> **WHAT TO DO**: From the first line through the line containing "AntonellaAlondra4 online show", transcribe the records exactly and include no other lines.

(Excerpts from a dataset)

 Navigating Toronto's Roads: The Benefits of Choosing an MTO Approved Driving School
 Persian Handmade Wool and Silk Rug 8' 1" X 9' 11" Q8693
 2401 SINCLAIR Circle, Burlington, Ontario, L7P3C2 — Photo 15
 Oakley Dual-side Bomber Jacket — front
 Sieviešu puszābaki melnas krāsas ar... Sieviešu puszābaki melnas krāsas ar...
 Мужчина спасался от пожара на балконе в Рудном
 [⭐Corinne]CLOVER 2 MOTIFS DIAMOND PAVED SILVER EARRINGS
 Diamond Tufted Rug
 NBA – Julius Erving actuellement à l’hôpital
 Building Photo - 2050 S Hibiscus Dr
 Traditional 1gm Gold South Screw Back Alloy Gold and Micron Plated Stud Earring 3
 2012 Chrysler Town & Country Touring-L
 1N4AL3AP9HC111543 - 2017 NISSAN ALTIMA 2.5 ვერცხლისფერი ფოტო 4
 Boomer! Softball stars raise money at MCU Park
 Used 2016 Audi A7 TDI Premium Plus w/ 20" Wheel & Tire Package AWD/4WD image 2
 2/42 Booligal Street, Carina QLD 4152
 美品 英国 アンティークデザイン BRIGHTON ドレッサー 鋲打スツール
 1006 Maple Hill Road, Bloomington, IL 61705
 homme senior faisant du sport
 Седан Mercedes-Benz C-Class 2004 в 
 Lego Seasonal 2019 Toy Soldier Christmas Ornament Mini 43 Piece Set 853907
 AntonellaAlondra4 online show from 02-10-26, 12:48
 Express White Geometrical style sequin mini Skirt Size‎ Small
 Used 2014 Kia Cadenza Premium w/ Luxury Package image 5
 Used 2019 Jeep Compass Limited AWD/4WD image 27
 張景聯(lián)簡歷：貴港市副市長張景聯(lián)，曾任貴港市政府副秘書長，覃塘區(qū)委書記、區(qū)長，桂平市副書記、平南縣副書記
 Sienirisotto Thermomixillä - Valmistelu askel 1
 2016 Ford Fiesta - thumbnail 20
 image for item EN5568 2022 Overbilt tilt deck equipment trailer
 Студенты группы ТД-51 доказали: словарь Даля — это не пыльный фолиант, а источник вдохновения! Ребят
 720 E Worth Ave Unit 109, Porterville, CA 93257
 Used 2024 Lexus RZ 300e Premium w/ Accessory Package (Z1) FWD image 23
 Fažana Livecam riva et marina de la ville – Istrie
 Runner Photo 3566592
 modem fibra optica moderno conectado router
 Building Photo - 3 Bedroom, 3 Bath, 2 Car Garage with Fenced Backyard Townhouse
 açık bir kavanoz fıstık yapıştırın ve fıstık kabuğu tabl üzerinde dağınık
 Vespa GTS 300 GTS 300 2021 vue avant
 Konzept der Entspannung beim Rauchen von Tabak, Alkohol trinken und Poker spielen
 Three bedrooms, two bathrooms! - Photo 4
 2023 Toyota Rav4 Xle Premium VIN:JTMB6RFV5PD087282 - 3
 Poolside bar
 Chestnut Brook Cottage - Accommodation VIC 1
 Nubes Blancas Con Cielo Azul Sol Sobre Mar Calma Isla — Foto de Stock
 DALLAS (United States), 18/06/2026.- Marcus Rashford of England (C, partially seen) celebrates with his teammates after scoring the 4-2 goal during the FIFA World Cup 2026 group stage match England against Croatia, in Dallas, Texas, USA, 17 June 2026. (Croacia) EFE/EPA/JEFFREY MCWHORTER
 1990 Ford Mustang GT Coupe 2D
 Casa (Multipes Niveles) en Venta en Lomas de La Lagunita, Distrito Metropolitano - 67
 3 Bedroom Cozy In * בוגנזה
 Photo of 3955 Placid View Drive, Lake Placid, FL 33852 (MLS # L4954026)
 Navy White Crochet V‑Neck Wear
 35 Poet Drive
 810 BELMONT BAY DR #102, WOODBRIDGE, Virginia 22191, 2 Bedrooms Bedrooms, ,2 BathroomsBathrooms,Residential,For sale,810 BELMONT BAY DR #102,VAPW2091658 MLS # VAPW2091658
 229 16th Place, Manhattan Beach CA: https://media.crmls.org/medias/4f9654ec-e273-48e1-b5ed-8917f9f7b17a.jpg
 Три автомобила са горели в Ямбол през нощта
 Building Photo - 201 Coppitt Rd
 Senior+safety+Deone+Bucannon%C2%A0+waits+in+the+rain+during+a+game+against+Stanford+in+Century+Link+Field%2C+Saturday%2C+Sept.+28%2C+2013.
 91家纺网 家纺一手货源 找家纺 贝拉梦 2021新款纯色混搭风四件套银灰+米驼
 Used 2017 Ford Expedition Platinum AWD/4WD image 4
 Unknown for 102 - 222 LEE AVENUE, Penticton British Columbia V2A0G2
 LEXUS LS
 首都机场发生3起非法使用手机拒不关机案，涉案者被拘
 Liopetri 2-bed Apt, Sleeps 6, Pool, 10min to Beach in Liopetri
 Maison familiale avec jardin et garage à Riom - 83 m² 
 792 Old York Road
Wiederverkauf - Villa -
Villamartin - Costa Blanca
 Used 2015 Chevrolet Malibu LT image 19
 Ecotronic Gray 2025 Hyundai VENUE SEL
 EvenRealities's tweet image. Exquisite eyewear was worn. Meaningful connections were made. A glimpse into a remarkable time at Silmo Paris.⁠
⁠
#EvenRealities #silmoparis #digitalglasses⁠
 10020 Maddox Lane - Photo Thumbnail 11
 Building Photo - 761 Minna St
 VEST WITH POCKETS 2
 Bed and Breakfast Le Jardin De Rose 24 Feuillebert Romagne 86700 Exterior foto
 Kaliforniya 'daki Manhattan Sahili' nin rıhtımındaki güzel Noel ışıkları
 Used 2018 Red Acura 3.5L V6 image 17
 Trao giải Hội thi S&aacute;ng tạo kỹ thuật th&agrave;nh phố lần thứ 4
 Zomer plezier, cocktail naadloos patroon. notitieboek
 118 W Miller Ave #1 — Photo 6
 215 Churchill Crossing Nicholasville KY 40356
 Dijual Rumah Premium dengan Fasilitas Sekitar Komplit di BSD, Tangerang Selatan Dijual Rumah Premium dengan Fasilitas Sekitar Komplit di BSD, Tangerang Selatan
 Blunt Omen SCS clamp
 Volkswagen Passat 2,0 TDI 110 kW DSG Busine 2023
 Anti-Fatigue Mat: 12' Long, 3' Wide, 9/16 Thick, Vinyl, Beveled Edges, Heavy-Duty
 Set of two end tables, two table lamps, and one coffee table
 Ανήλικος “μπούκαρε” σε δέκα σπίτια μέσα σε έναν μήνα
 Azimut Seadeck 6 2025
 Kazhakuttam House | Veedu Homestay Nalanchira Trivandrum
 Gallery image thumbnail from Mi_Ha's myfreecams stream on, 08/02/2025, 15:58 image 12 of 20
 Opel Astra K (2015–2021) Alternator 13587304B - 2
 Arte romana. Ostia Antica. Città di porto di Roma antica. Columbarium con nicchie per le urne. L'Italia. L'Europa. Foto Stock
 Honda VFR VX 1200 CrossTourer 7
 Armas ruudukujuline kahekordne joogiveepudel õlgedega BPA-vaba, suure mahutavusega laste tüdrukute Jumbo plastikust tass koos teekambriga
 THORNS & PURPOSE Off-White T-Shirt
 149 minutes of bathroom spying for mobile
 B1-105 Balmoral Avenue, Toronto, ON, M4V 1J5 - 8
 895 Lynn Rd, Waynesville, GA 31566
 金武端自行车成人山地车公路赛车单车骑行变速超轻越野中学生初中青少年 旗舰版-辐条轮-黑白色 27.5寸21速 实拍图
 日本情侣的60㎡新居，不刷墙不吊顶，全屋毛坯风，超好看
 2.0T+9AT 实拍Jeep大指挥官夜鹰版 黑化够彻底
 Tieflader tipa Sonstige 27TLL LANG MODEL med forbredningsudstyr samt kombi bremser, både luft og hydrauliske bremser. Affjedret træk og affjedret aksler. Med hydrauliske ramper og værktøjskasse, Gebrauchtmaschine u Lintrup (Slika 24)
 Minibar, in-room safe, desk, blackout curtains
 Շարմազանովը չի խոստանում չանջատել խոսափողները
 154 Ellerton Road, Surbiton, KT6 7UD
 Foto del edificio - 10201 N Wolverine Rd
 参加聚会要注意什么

> **RESPONSE TO THE EXERCISE**:
 Navigating Toronto's Roads: The Benefits of Choosing an MTO Approved Driving School
 Persian Handmade Wool and Silk Rug 8' 1" X 9' 11" Q8693
 2401 SINCLAIR Circle, Burlington, Ontario, L7P3C2 — Photo 15
 Oakley Dual-side Bomber Jacket — front
 Sieviešu puszābaki melnas krāsas ar... Sieviešu puszābaki melnas krāsas ar...
 Мужчина спасался от пожара на балконе в Рудном
 [⭐Corinne]CLOVER 2 MOTIFS DIAMOND PAVED SILVER EARRINGS
 Diamond Tufted Rug
 NBA – Julius Erving actuellement à l’hôpital
 Building Photo - 2050 S Hibiscus Dr
 Traditional 1gm Gold South Screw Back Alloy Gold and Micron Plated Stud Earring 3
 2012 Chrysler Town & Country Touring-L
 1N4AL3AP9HC111543 - 2017 NISSAN ALTIMA 2.5 ვერცხლისფერი ფოტო 4
 Boomer! Softball stars raise money at MCU Park
 Used 2016 Audi A7 TDI Premium Plus w/ 20" Wheel & Tire Package AWD/4WD image 2
 2/42 Booligal Street, Carina QLD 4152
 美品 英国 アンティークデザイン BRIGHTON ドレッサー 鋲打スツール
 1006 Maple Hill Road, Bloomington, IL 61705
 homme senior faisant du sport
 Седан Mercedes-Benz C-Class 2004 в 
 Lego Seasonal 2019 Toy Soldier Christmas Ornament Mini 43 Piece Set 853907
 AntonellaAlondra4 online show from 02-10-26, 12:48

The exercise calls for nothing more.